No campo político, o ministro da Fazenda, Fernando Haddad, se reúne nesta quarta-feira, 15, com o presidente do Senado, Davi Alcolumbre (União Brasil-AP), para discutir o Projeto de Lei de Diretrizes Orçamentárias (PLDO) de 2026. A votação do PLDO estava prevista para ocorrer nesta terça-feira, mas foi adiada a pedido de Haddad.

À noite, às 20h, ministros de finanças e presidentes de bancos centrais participam de uma reunião do G20, também nos EUA.

Mercados internacionais

Os mercados internacionais operam majoritariamente em alta nesta quarta-feira. A melhora no sentimento global ocorre após um pregão volátil em Nova York na véspera, quando o presidente americano Donald Trump disse que a China não compra soja americana e ameaçou retaliação.

Os principais índices asiáticos fecharam no azul, contrariando as quedas de Wall Street. O índice japonês Nikkei 225 avançou 1,76%, enquanto o Topix subiu 1,58%. Na Coreia do Sul, o Kospi saltou 2,68% e o Kosdaq ganhou 1,98%.
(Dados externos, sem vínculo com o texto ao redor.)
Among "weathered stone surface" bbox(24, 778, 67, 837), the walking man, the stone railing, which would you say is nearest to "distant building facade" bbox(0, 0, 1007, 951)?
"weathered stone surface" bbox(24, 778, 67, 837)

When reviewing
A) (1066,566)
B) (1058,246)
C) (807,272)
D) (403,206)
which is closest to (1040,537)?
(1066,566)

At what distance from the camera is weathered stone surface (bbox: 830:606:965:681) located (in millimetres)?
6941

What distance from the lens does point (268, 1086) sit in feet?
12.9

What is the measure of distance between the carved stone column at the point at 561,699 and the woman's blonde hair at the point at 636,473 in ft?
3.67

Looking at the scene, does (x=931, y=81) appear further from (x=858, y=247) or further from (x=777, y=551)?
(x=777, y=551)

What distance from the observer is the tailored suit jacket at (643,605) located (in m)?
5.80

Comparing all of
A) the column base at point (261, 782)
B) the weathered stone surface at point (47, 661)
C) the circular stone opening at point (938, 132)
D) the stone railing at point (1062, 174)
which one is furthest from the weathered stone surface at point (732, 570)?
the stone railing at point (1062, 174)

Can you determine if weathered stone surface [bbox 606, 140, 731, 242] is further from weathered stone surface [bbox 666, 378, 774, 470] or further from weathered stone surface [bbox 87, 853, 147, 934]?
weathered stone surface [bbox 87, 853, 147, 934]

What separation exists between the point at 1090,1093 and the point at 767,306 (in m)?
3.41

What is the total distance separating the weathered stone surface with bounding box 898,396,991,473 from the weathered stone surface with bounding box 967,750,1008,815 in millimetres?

A sessão foi influenciada também por dados de inflação chinesa: o índice de preços ao consumidor caiu 0,3% em setembro na comparação anual, sinalizando fraqueza na demanda doméstica. O Hang Seng Index, de Hong Kong, avançou 1,84%, e o CSI 300, da China continental, subiu 1,48%.

Na Austrália, o S&P/ASX 200 teve alta de 1,03%, enquanto o Nifty 50, da Índia, avançou 0,71%.

Na Europa, as bolsas fecharam sem direção única. O Stoxx 600 subiu 0,69%. O CAC 40, da França, liderou os ganhos e saltou 1,99% após o governo prometer suspender a reforma da Previdência até depois da eleição de 2027. O DAX, da Alemanha, caiu 0,25%, enquanto o FTSE 100, do Reino Unido, recuou 0,35%.

Nos EUA, os índices fecharam mistos: o Dow Jones caiu 0,04%, o S&P 500 subiu 0,40% e o Nasdaq 100 ganhou 0,66%.